Ketua Tim Hukum Prabowo-Gibran, Yusril Ihza Mahendra, mengakui ada protes dari Bambang Widjojanto terkait Eddy Hiariej sebagai ahli. Namun ia menekankan bahwa Eddy sudah mengajukan praperadilan dan tidak lagi berstatus tersangka.
“Dia (Eddy) enggak tersangka lagi. Sekarang ini katanya mau menetapkan tersangka lagi, lah kan belum. Nah, adaikata tersangka, ya tidak masalah juga. Siapa yang mengatakan tersangka tidak boleh menjadi ahli?” kata Yusril mempertanyakan di sela-sela jeda sidang.

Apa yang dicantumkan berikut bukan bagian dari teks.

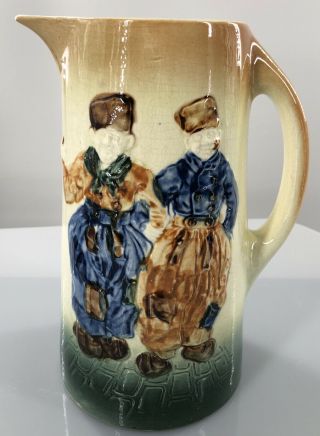 Pre 1916 Rare Roseville Pottery Usa 9.  5 " Pitcher Beer Promotion Holland Pattern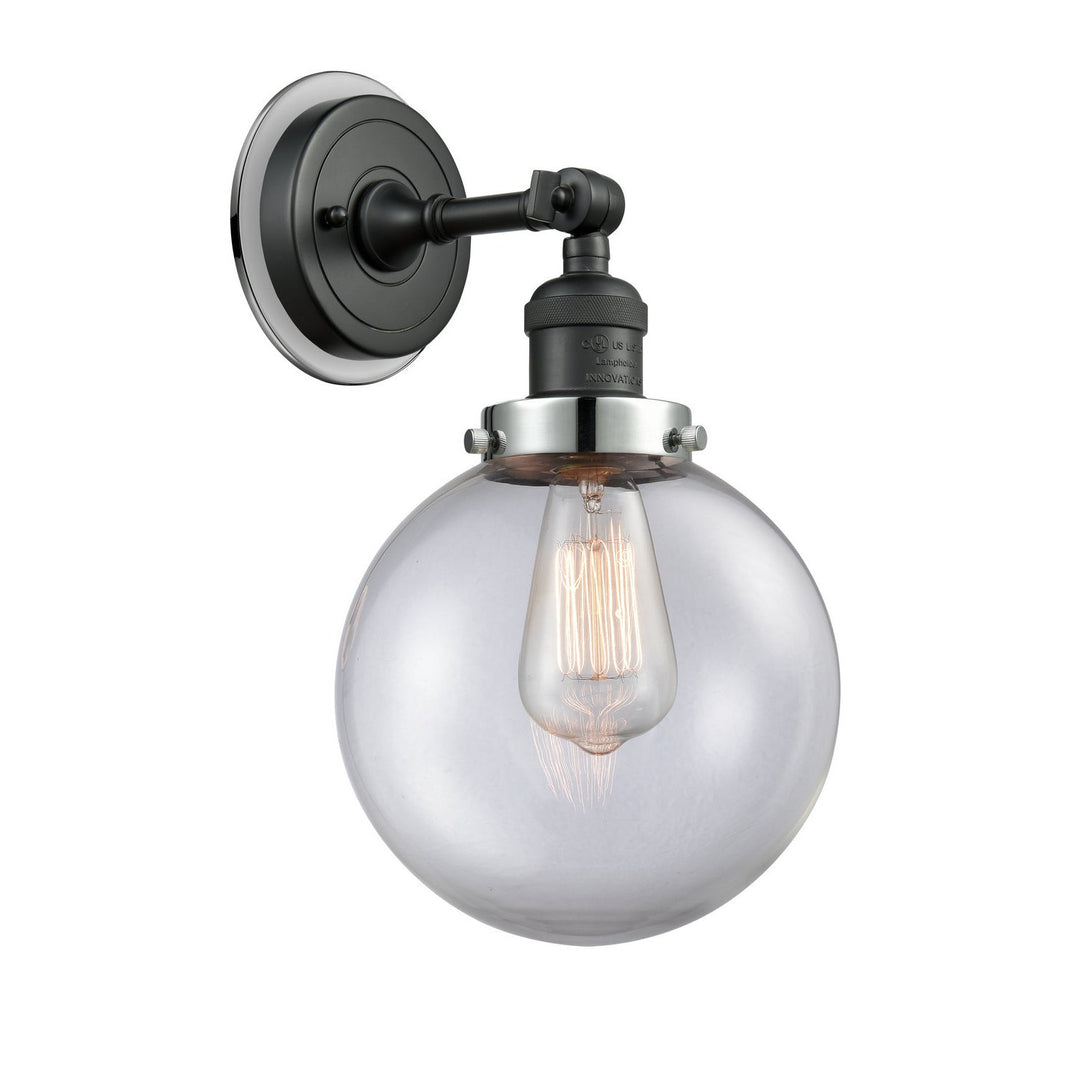 Innovations Franklin Restoration 203BK-BPPC-HRPC-G202-8 Wall Sconce Light - Matte Black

Yusril menambahkan, “Bahkan kami patut mempertanyakan status Pak BW sendiri. Beliau itu kan tersangka, P21 dilimpahkan ke kejaksaan. Status beliau itu lagi apa sekarang ini? Tersangka selamanya, seumur hidup tersangka.”

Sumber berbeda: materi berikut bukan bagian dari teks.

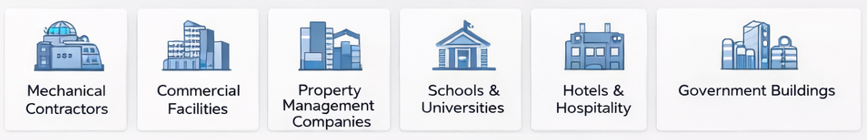 Industries served: Mechanical Contractors, Commercial Facilities, Property Management Companies, Schools and Universities, Hotels and Hospitality, Government Buildings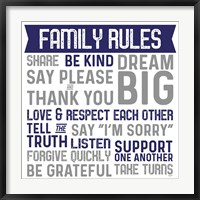 Family Rules II Blue Gray Fine Art Print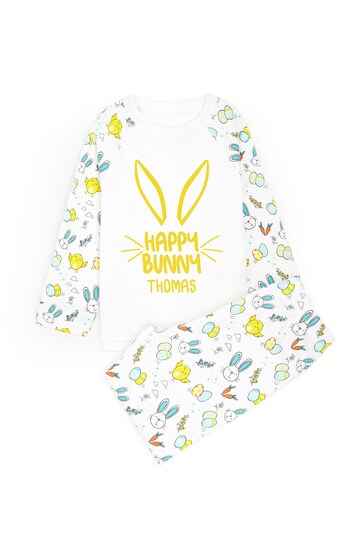 Personalised Kids Happy Bunny Pyjamas by Dollymix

Yusril menerangkan, kasus Eddy tidak bisa dibuka karena sudah dihentikan. Kasus itu dihentikan dalam praperadilan. Ia heran Bambang menyalahkan orang, tetapi tidak melihat diri sendiri.

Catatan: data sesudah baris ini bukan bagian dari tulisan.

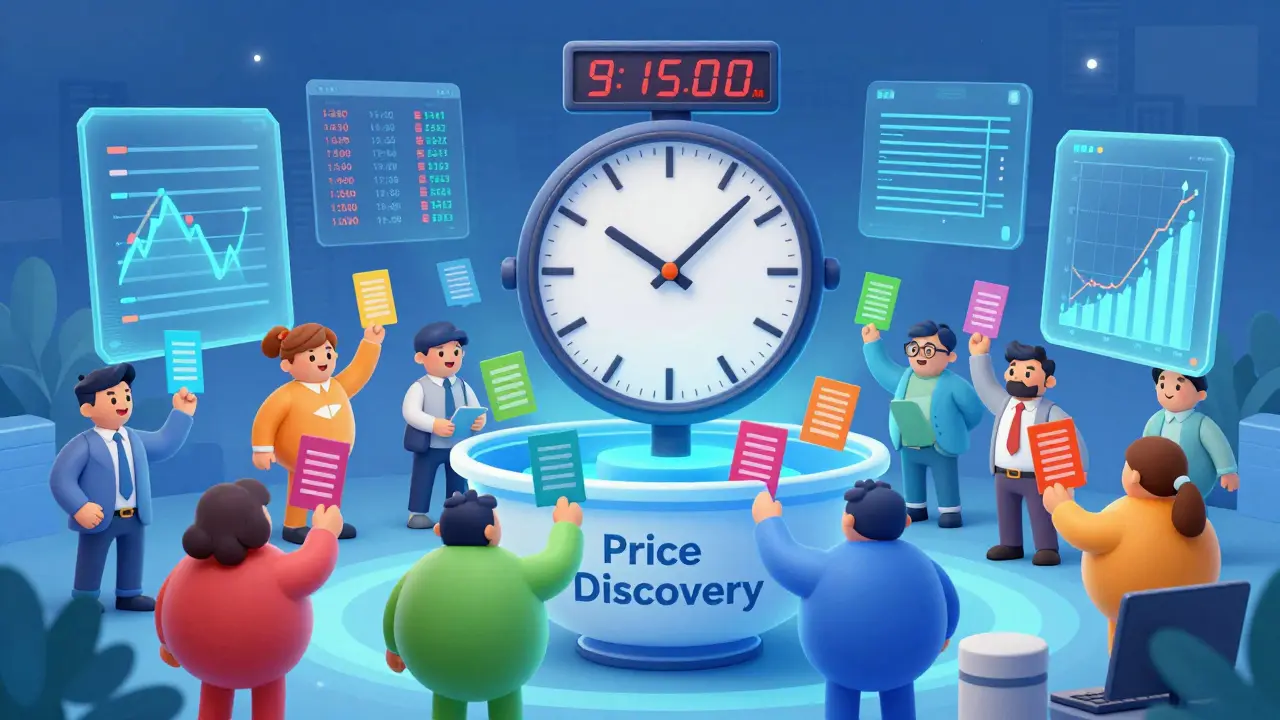 Cartoon traders participating in market pre-open session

Bambang enggan berkomentar banyak. Ia hanya memastikan upaya yang dilakukan sebagai semangat menegakkan integritas. “Saya mengambil sikap untuk menegakkan integritas sehingga saya menyerahkan kepada teman-teman terhadap kesaksian sahabat saya sebenarnya Profesor Eddy, saya tidak mau berdebat terlalu dalam,” kata Bambang di sela-sela jeda sidang.
Meski dibela kubu 02, tapi sejumlah ahli hukum mengkritik keras soal kehadiran Eddy Hiariej dalam persidangan. Ahli hukum tata negara dari Universitas Bengkulu, Beni Kurnia Illahi, mengatakan, tidak ada aturan spesifik tentang kapasitas ahli. Ia menuturkan, ahli adalah seseorang yang punya kapasitas secara teoritik dalam mengonstruksikan soal pemaparan ahli.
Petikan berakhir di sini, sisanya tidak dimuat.